Free at Apple App Store | presonus.com
There are a daunting number of choices in wireless vocal systems. If you need one for your band that resists interference and dropouts and includes a great-sounding mic, look no further.
$399.95 street | sennheiser.com
Speakers that Stopped Us Cold
The NAMM Show is so noisy and hectic that it’s impossible to be drawn across an aisle just by the sound of a pair of speakers. At least that’s what we thought until we encountered the Pelonis Model 42 nearfield monitors. The parallelogram-shaped cabinets let you orient them ideally for your room, and they come with their own 400W power amp that bi-amplifies the woofers and tweeters on either side. If talking about sound is like dancing about architecture, then sign us up for the Frank Lloyd Wright memorial swing marathon.
$999 | pelonissound.com
Mobile Recording and Production
UNIVERSAL AUDIO APOLLO
Powered Plug-Ins are just absurdly good recording gear emulations, and they come with their own microchips to crunch the numbers. Now, UA has combined them with their analog expertise in this lovely little box. Of course it’s not strictly for mobile use, but its one-two punch of audiophile-grade recording and CPU relief is ideal for the producer traveling with a laptop. The killer app? Something you can’t do with a separate audio interface and UAD card: tracking and monitoring through the plug-ins before signal hits your computer.

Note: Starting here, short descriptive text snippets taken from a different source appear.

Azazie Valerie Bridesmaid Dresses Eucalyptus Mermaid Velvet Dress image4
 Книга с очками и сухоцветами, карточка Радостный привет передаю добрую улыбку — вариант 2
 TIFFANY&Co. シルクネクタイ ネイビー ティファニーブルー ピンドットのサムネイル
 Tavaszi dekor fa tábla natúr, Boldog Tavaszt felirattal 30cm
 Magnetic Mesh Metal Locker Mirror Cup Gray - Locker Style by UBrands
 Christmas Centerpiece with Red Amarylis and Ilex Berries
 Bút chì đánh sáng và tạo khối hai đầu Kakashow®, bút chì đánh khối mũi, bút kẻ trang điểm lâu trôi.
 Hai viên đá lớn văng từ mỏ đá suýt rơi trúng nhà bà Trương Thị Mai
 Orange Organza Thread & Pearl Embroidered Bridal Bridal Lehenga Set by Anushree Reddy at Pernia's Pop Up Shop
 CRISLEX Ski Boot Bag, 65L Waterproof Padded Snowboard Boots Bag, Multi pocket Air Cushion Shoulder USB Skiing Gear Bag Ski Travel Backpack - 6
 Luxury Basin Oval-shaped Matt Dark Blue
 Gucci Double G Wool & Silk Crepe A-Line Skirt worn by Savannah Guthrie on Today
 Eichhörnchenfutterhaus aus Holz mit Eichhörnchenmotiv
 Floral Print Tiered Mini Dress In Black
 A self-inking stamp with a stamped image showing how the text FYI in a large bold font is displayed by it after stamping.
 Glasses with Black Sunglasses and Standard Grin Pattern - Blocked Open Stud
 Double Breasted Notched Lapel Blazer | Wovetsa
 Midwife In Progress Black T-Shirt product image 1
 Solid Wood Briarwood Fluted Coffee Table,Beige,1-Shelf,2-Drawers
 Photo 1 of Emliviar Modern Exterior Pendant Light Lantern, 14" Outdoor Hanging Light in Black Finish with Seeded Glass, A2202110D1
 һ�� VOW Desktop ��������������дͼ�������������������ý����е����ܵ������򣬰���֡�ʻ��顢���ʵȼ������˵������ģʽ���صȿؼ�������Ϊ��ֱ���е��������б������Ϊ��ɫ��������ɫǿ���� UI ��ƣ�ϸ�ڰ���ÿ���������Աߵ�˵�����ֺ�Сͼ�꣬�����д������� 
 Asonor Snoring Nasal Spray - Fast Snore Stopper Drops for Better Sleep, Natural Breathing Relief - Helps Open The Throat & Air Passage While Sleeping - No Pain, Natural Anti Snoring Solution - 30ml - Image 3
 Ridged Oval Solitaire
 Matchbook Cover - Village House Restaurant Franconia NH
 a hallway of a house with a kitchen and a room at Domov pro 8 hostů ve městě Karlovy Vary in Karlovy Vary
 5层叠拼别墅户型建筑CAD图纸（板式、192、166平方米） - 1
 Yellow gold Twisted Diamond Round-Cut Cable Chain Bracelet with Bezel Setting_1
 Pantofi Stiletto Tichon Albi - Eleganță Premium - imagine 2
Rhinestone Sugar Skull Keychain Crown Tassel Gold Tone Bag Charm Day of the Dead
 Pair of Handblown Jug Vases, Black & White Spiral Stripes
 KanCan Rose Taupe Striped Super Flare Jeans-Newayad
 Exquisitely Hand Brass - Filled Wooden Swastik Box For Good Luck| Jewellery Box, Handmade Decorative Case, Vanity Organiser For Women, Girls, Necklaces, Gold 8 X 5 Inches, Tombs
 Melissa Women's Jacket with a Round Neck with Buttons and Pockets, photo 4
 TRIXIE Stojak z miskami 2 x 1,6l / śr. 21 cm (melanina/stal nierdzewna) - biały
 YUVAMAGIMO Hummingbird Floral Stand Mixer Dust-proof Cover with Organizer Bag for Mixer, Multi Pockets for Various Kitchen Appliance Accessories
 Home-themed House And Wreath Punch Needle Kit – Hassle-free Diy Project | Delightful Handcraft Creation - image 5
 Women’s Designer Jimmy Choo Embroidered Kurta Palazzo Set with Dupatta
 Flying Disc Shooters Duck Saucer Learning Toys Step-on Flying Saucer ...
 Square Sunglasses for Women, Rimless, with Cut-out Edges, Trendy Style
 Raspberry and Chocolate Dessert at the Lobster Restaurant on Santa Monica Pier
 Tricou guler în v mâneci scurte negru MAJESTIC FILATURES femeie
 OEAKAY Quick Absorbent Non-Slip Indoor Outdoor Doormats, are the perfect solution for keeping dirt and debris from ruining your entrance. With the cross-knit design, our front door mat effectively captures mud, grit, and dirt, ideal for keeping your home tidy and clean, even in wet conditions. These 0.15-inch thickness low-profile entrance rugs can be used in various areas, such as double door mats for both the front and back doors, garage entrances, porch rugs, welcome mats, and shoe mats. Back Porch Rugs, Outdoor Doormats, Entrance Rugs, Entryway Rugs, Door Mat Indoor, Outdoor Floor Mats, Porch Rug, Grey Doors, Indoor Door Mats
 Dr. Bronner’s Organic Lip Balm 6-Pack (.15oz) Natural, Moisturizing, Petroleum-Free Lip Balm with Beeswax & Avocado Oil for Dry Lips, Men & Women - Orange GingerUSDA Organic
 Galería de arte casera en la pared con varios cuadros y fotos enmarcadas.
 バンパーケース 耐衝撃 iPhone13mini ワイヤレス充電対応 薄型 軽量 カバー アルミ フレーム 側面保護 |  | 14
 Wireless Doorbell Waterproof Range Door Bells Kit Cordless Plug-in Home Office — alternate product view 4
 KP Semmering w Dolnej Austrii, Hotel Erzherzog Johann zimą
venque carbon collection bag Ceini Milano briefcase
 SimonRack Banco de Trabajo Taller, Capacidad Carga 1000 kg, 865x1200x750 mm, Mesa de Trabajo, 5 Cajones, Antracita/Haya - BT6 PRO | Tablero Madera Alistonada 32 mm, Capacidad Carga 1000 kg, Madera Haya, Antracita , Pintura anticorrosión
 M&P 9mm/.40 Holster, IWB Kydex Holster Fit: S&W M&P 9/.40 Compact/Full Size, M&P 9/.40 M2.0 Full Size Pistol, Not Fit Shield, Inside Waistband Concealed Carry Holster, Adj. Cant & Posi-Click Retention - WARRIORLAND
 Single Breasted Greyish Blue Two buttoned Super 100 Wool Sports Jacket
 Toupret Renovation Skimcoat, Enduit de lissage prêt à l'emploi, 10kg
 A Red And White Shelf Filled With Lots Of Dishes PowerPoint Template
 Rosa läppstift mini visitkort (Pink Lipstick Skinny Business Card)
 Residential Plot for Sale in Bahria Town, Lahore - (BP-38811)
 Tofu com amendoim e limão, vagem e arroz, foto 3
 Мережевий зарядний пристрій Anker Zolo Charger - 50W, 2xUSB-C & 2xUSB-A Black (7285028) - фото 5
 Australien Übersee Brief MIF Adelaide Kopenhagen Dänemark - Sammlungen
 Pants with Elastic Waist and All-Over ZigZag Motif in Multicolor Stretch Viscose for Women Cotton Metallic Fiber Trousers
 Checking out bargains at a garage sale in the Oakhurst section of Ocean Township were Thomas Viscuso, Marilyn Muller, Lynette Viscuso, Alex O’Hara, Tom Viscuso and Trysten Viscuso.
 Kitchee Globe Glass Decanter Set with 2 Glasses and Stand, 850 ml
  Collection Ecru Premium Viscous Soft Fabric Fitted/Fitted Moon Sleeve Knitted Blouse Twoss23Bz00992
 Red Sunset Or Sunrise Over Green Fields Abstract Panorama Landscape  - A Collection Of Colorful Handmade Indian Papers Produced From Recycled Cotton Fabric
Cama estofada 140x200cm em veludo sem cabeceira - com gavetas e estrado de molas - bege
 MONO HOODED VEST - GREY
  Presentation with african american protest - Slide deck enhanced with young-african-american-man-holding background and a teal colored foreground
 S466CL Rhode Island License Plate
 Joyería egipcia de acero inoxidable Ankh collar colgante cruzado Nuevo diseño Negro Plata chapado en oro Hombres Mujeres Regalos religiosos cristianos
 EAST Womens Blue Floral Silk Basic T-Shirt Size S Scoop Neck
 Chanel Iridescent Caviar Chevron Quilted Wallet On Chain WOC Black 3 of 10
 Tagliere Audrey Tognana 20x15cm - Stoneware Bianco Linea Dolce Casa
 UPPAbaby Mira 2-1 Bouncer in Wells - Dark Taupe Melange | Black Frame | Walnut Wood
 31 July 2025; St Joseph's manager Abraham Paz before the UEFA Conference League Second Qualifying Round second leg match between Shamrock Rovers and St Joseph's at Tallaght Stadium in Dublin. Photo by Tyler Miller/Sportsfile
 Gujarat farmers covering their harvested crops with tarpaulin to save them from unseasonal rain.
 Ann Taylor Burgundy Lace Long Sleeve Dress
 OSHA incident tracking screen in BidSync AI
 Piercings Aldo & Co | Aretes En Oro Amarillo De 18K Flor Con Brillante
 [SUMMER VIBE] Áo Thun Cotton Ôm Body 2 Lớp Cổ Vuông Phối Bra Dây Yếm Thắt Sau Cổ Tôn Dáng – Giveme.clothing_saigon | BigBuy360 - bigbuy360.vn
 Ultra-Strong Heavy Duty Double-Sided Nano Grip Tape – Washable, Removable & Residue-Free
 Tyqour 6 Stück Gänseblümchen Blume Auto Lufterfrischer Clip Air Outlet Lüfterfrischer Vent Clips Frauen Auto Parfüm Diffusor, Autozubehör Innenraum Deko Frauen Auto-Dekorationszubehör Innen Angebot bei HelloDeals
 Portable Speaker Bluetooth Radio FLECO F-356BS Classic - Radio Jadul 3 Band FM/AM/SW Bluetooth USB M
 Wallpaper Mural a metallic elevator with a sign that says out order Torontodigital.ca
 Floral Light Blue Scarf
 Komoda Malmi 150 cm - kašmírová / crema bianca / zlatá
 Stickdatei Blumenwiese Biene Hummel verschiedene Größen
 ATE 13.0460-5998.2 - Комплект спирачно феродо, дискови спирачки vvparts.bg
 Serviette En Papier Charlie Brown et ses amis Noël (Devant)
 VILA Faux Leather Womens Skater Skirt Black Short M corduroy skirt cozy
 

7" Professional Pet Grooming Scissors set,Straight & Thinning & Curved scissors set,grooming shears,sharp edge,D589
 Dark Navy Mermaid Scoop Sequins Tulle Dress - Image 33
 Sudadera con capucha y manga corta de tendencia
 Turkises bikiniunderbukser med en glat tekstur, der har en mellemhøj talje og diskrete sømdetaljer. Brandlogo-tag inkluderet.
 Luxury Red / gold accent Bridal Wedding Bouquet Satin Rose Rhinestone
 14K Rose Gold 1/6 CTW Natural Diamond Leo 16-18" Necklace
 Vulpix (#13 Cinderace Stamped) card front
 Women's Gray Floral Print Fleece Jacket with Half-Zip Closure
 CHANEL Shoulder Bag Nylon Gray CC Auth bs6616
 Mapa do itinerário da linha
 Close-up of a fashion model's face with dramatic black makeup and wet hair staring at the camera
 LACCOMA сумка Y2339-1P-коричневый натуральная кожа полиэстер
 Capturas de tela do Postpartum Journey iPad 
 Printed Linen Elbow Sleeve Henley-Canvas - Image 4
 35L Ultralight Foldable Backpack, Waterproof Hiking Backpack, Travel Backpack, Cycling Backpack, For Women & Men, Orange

Dual-chip: $2,499 | Quad-chip: $2,999 | uaudio.com
The “i” is for interface. The world’s favorite compact digital mixer now pipes 16 channels at up to 96kHz to your computer over USB2. This means you can do live sound reinforcement and recording at the same time, with no need for expensive mic splitters or associated extra cables. All the usual candy, like Virtual Circuit Modeling effects and DAW control, is still there.
$2,699 | yamaha.com
WAVEMACHINE LABS AURIA
Forty-eight audio tracks on an iPad 2? It’s like Tron, only with that digitizer ray zapping an SSL console and Studer A800 instead of Jeff Bridges. PSP and Drumagog plug-ins sweeten your sound, and in-app Dropbox and SoundCloud support share it with others. Even your first-gen iPad will manage 24 tracks, and Auria records up to 18 tracks at once through any USB audio interface. Honestly, this scares us a little.
$49.95 | wavemachinelabs.com
Ultra-compact recording interfaces are multiplying so fast that we almost think they’re what lost socks turn into. This one stands out because of the completeness of its I/O—for starters, it includes all the breakout cables for iOS or Mac/PC connection, MIDI, and using either of the two phantompowered balanced mic inputs.